Is it their fault that by, being dirt-poor and trying to save on property taxes (that happen to be based on the length of street frontage that your building faces....thusly, the skinny houses), they made their houses and hotels high and narrow for that reason?? Is it their fault that you knocked up your wife and they should accommodate YOU and ONLY YOU by building lower, wider hotels???
Hate their language? How the fuck you think YOUR language sounds to them? (As an aside, my wife has told me that when Hai Phong's few English speakers get together and talk over beers, that it sounds to her like a live lobster being spun in a blender while 500 sewing machines are going full-speed in the background). And to compare their spoken language tonal patterns to a developmentally disabled person?
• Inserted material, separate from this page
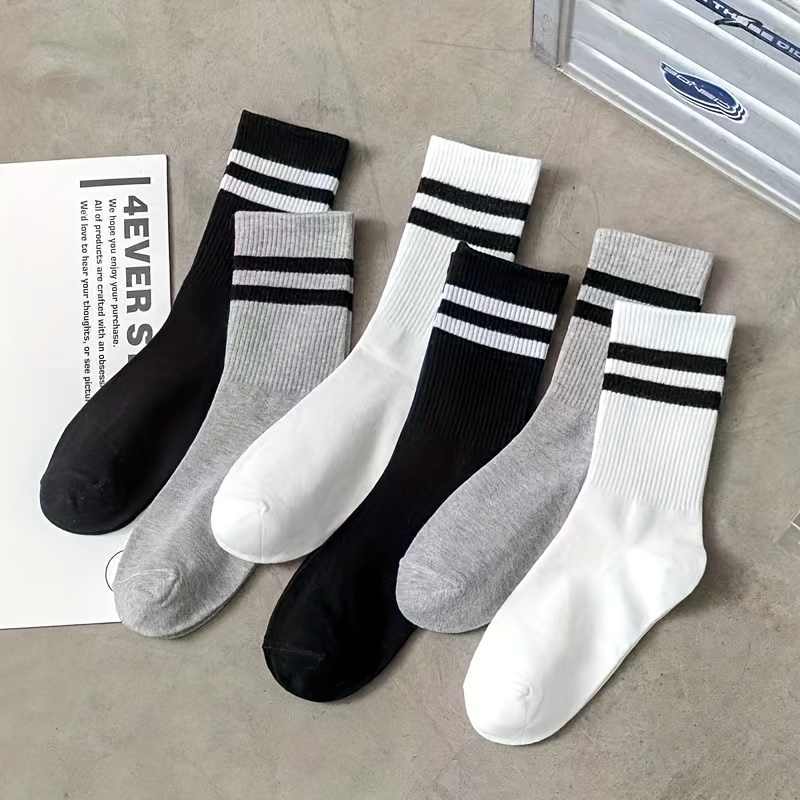 Lot de 6 Chaussettes Rayées Respirantes pour Femmes - Polyvalentes et Confortables en Mélange de Polyester
Lot de 6 Chaussettes Rayées Respirantes pour Femmes - Polyvalentes et Confortables en Mélange de Polyester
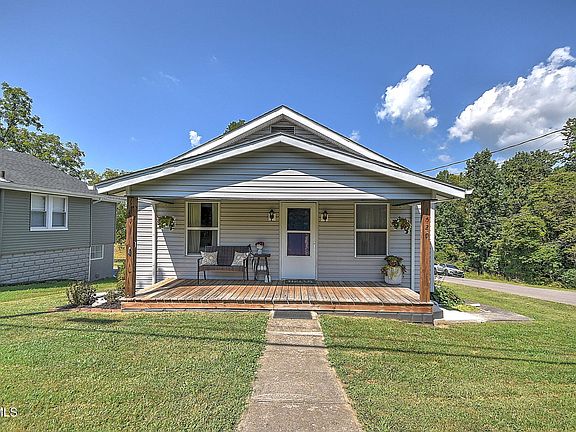 3rd image of 520 Texas Ave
Christ - I'd compare your (in)ability to write an objective, narrative piece to that of a developmentally disabled person......but that would be insulting to the mentally-challenged.
I mean, oh, no doubt - I got my issues with Vietnam.....several of 'em as a matter of fact....but it's part of the adventure....ya learn to live and deal with stuff like this (and a lot of additional things that this wankshaft didn't mention) on a daily basis! IF I were to ever say that I hated Vietnam, well, shit - I (and several others) have earned that right by residing here for longer than two weeks!
I could tear this brain-surgeon's points apart piece-by-piece........but I fear I've wasted enuff time and given this wankshaft enuff undeserved attention, so I'll leave it at that.
Later on, did a bit of looking around on this guy's web production, and found out that he's some sort of I.T. geek. Figgers, I though to myself......here we go with the entitlement mentality.
I had resided in a High-Tech boomtown during the height of that bullshit, and watched rents in my little Bohemian hipster neighbourhood go through the fucking roof as these artificially over-paid I.T. dipshits were moving in (they somehow found time to move into my 'hood when they weren't busy playing foosball and fucking ping-pong at work all day) and driving up rents with their $80,000-plus/year salaries (which they would incessantly defend over trendy-ass martinis about how they deserve every penny, if not more)....
....needless to say, as much as I asbo-fucking-lutely despise Capitalism, I was dancing on the streets when the market self-corrected this artificial over-valuation and created the dot-com "crash" of '01 and rents started coming back down to more reasonable levels.....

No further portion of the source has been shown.